The honest caveat: Elixir is not Python.

If you need model training or inference at scale, you will reach for Python. The ML tooling exists (Nx, Bumblebee) but it is nowhere near mature. The functional programming model is a genuine adjustment, and OTP's process model takes time to internalise. These are not concepts you absorb in a weekend.

But for building agents that orchestrate LLM calls, rather than training models, you do not need Python's ML libraries. You need reliability and clean retry semantics. You need a language that lets you write the messy, long-running coordination logic surrounding LLM calls without the async/await model turning it into a special kind of hell.

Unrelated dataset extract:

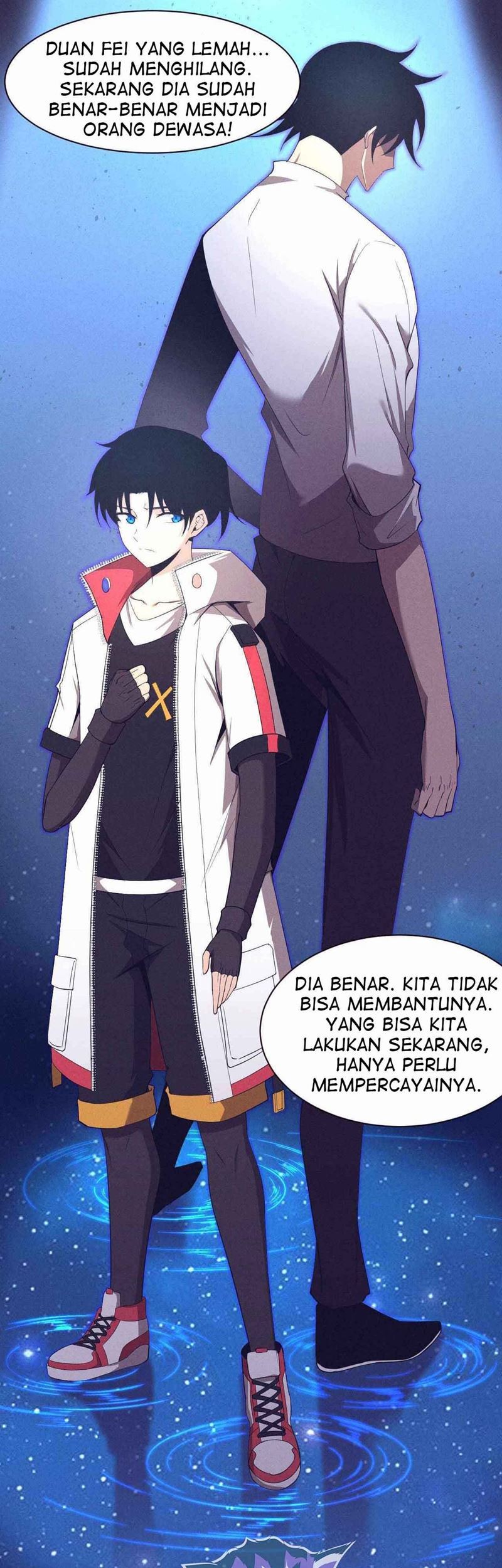 Evolution Frenzy Chapter 46 Gambar 42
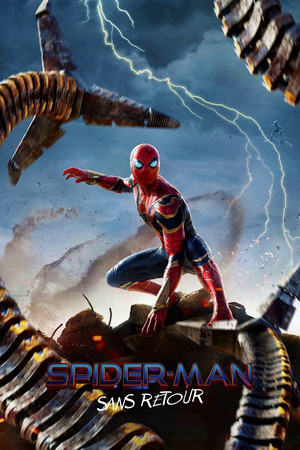 poster Spider-Man: No Way Home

Most teams are building on Python because that is where the AI tooling is. As agents grow more complex, operating over email, webhooks, scheduled jobs, and human review queues, the limitations of cooperative async will become more painful.

I moved from Python to Elixir not because of a benchmark. I moved because I was building something real and the tools were failing me. Preemptive scheduling and the supervision tree are not academic properties. They are what let me ship a production agent system as a solo developer. The Tencent data is a nice confirmation. The production system is the argument.